Scary Stats About Prostate Cancer
Prostate cancer is terrifying. It’s not hard to see why, either. Prostate cancer is a significant health problem in the United States with about one in nine men diagnosed in their lifetime. Prostate cancer is the most common cancer in men (not including skin cancer). As if its prevalence wasn’t bad enough, it is also one of the leading causes of cancer death among men. Prostate cancer develops mainly in older men and in African-American men. About six cases in ten are diagnosed in men aged 65 or older.
Prostate cancer occurs in the male prostate (a small walnut-shaped gland in men that produces the seminal fluid that nourishes and transports sperm). It begins when cells in the prostate gland start to grow uncontrollably. That doesn’t necessarily mean it is enlarged, just beyond what the body is expecting and able to control. Often, prostate cancer does not cause symptoms in the early stages. This type of cancer can be small and slow growing or it can be fast growing and progress rapidly. If it’s detected early — when it’s still confined to the prostate gland — there’s a better chance of successful prostate cancer treatment.
A Mystery to be Solved
What causes prostate cancer? It’s a subject of intensive research. It is likely that there is no one single prostate cancer cause that we can point to as the root. Some known risk factors include family history, obesity, and, most notably, African-American race. These known risks may help, but still, don’t provide definitive answers for prostate cancer causes.
The Link to African-American Males
African-American males are in the highest risk group for prostate cancer. The stats show an incidence of more than 200 cases per 100,000 men. African-American men also tend to present with more advanced disease and have poorer overall prognosis than Caucasian or Asian men. According to the Prostate Cancer Foundation, African-American men are nearly 1.6 times more likely to develop prostate cancer than Caucasian men. They are also 2.4 times more likely than Caucasian men to die from the disease.
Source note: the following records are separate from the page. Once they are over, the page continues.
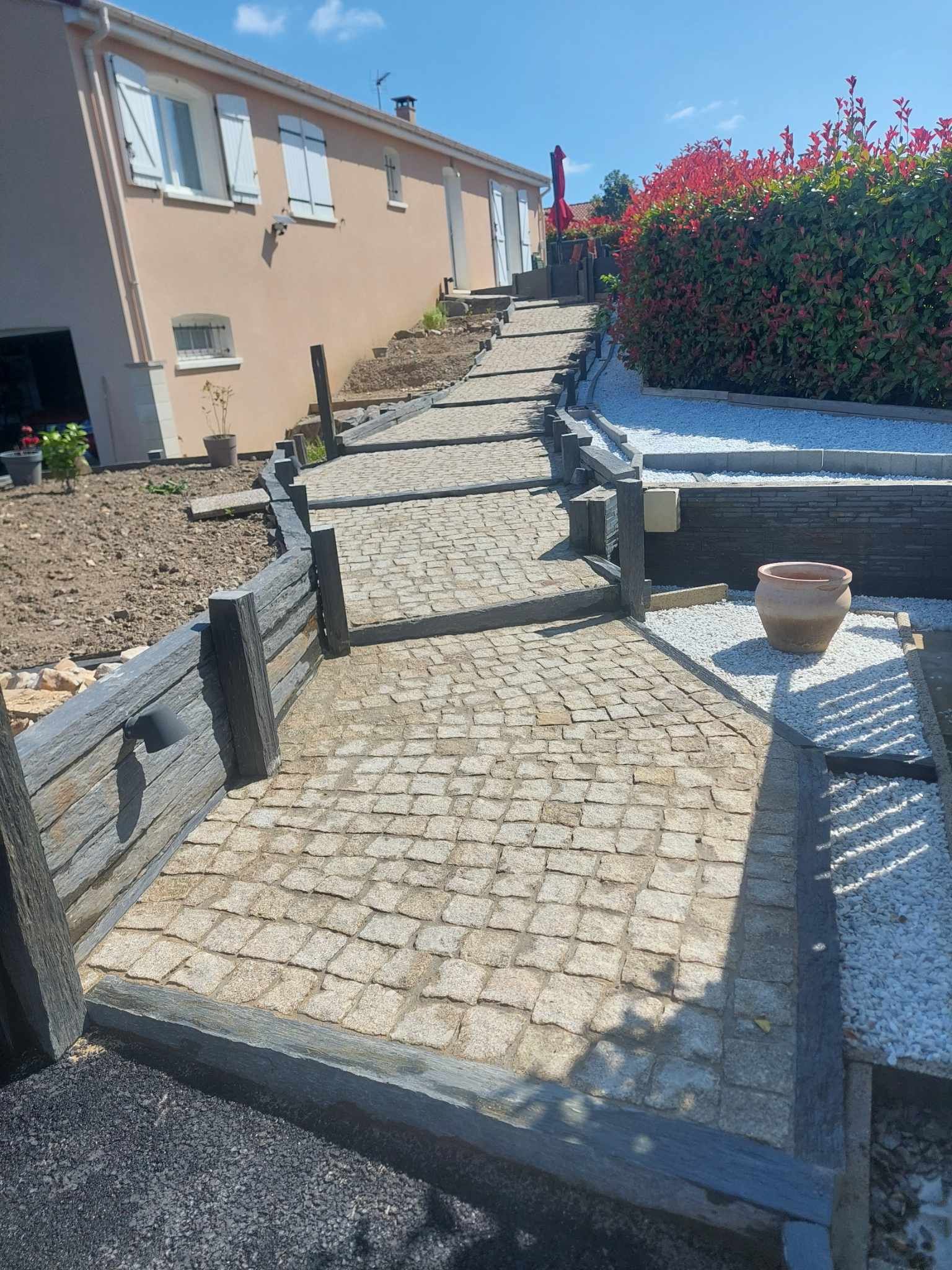 Un chemin pavé bordé de bois grimpe à flanc de colline, longeant une maison et des aménagements paysagers.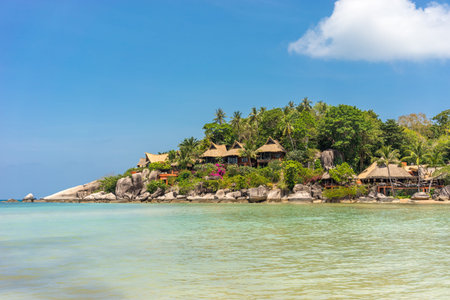 Picturesque seascape with resort on shore in lush greenery and rocks. Calm sunny sandy tropical place on exotic Koh Tao island in Thailandの写真素材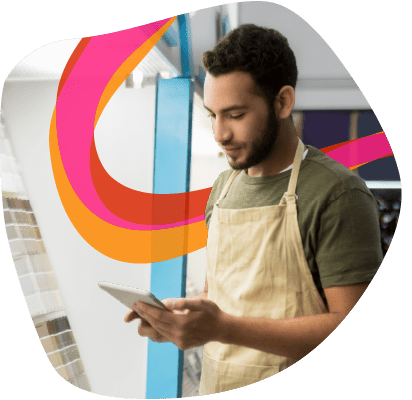 A person wearing an apron is using a tablet in a store, standing near a display with colorful ribbons.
The worst of it may be that African-American men are at higher risk of dying from low-grade prostate cancer. A recent study has found that the risk of death from prostate cancer is double that of men of other races. The findings of the study have identified racial differences in the biology and presentation of low-grade prostate cancer noting that certain biological factors may make low-grade prostate cancer more likely to grow and spread in African American men than in men of other races.
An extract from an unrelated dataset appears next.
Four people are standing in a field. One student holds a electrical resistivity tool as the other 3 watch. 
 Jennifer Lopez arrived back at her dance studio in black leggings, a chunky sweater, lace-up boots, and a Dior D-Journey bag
Although no definitive reasons as to why prostate cancer incidence and death rates are higher for African-American men have been found, there are a few possibilities worth noting:
– Late detection
– Biological differences: such as genomic features of prostate tumors. Suggesting differences in tumor genomics that may make low-grade prostate cancer more aggressive in African American men
– Limited biopsies: Traditional prostate biopsies used to detect prostate cancer may be more likely to miss areas of high-grade prostate cancer in African-American men. A 2014 study found that African-American men are more likely to have tumors in the anterior region of the prostate, which is harder to reach with a traditional transrectal biopsy. This leads to a higher likelihood of misdiagnosis of low-grade disease. However, today, advances in MRI technology have fixed this issue as they allow for suspicious areas in the anterior prostate to be identified before a biopsy which reduces missing high-grade tumors in this part of the prostate gland
– Cultural and lifestyle habits
– Access to medical care
– Distrust of the medical system
The good news is that through extensive research and medical trials, the projected deaths from prostate cancer in African-American men have dropped by more than 50% in the last 20 years. And even though the risk for African-American men is still greater, the gap between five-year survival rates of prostate cancer in Caucasian and African-American men has shrunk. Austin Urological Institute is inspired to help lower the death rate from prostate cancer even more. We continue to pursue the best methods available for prostate cancer treatment.
Prostate Cancer Prevention
What’s the best approach to preventing prostate cancer in African-American men? Early detection, easy access to healthcare, and annual screenings. The easiest way to detect prostate cancer and catch it early is to be diligent about getting screened regularly.
Annual screening depends on age, ethnicity, family history and other risk factors. However, the process is very simple. It involves a blood test called a PSA (prostate-specific antigen) and a prostate exam (DRE or digital rectal exam). This can be performed by a primary care physician or a urologist. Recently, genetic testing has been made available which can aid in determining prostate cancer risk if there is a strong history of prostate cancer in the family.